MEMANGGIL.CO – “Kaliren kabeh!”, teriakan itu menggema beberapa kali di halaman Kantor Pemkab Tuban, siang yang terik, Selasa (7/10/2025).
Suaranya itu campur aduk antara amarah dan kesedihan. Di antara kerumunan, beberapa emak-emak pedagang terlihat menitikkan air mata. Ada yang memeluk gerobaknya, ada yang hanya diam, menunduk, menahan perih di dada.
Bagi mereka yel-yel “Kaliren kabeh (semua kelaparan)” menjadi simbol jeritan hati ratusan pedagang kaki lima (PKL) Pantai Boom, dan mahasiswa PMII Tuban yang menggelar aksi unjuk rasa di depan kantor Bupati. Mereka datang bukan untuk membuat gaduh, melainkan untuk didengar karena sudah terlalu lama hidup dalam sepi dan ketidakpastian.
“Kita menuntut keadilan!” teriak massa demo sambil mengangkat poster-poster sederhana yang ditulis dengan spidol hitam di atas kertas karton.
Di antara tulisan-tulisan itu, terbaca kalimat getir mulai “Dodolan oleh 10.000 muleh olehe padu, Perdamu membunuhku, kebaikanmu yang kutunggu, Berikan solusi, bukan intimidasi, kami bukan sampah yang dibuang begitu saja, kami butuh bukti bukan janji manis,” dan lainnya.
Kalimat-kalimat itu bagai potret luka yang tak lagi bisa ditutup.
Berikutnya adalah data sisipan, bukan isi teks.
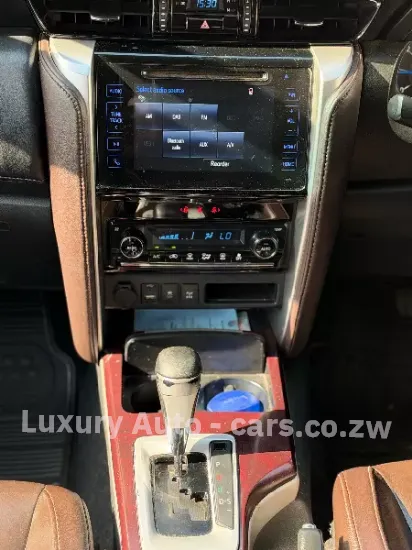Picture of Toyota Fortuner 2017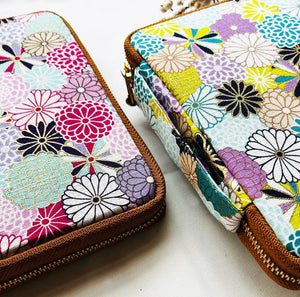 Kyoku Haku 10-piece pen case dahlia pattern (2 colours)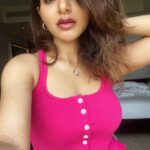 Iswarya Menon Instagram - Can’t say no to PINK ever 💖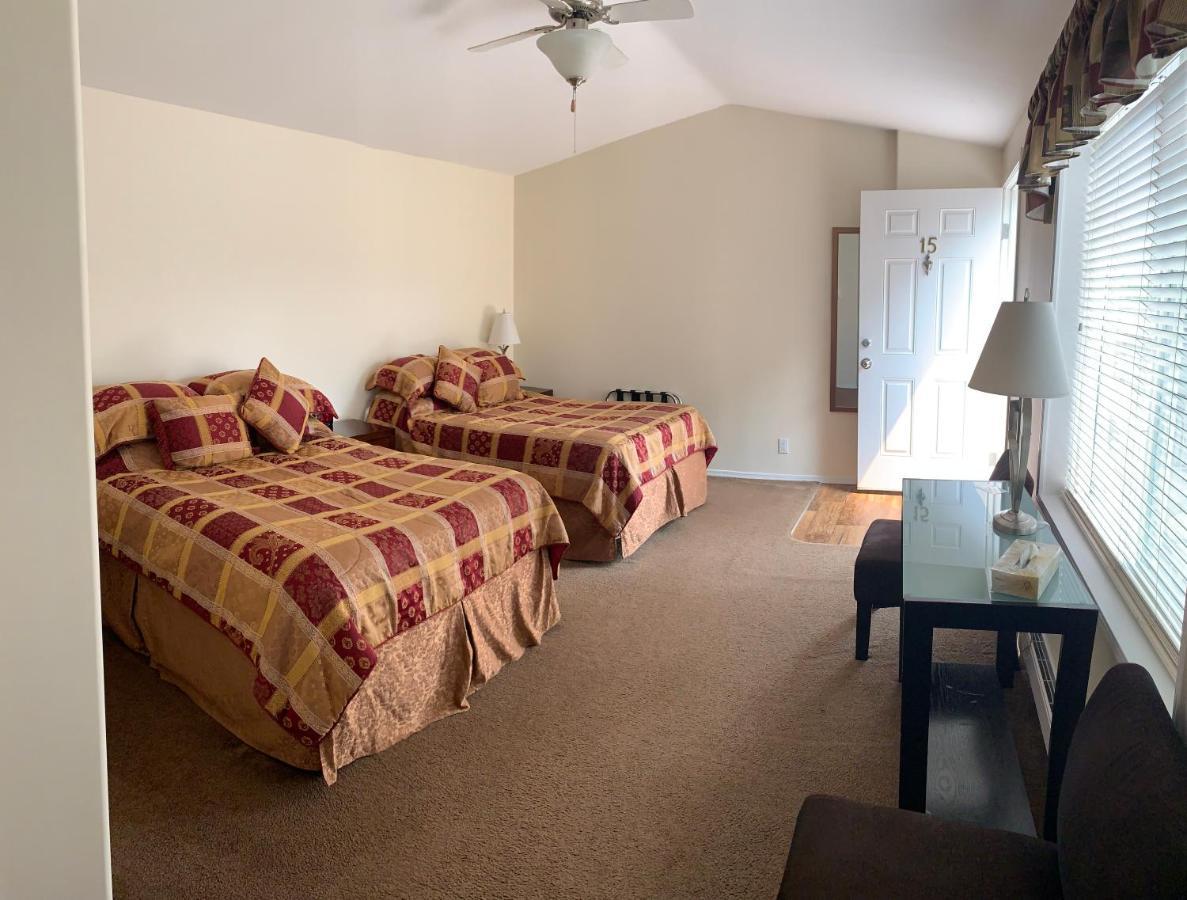 Helmcken Falls Lodge Cabin Rooms&RV Park Clearwater Buitenkant foto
Luka yang bermula dari kebijakan Bupati Tuban Aditya Halindra Faridzky, yang memindahkan PKL dari kawasan Alun-alun Tuban ke Pantai Boom.
Sudah sepuluh bulan mereka bertahan di lokasi baru. Namun, bukannya berkembang, justru sepi pembeli, penghasilan anjlok, dan kehidupan kian berat. Anak-anak mereka terancam putus sekolah, dapur nyaris tak mengepul, dan satu per satu pedagang mulai kehilangan harapan.
“Jangankan bayar sekolah, untuk makan sehari-hari saja tak bisa,” ucap Sri Bakti, pedagang siwalan. Suaranya serak, matanya sembab.
Ia bercerita, sudah berbulan-bulan tidak mendapat penghasilan. Lokasi baru di Pantai Boom sepi pengunjung, sementara setiap kali nekat kembali berjualan di alun-alun, dagangannya dirampas oleh petugas Satpol PP.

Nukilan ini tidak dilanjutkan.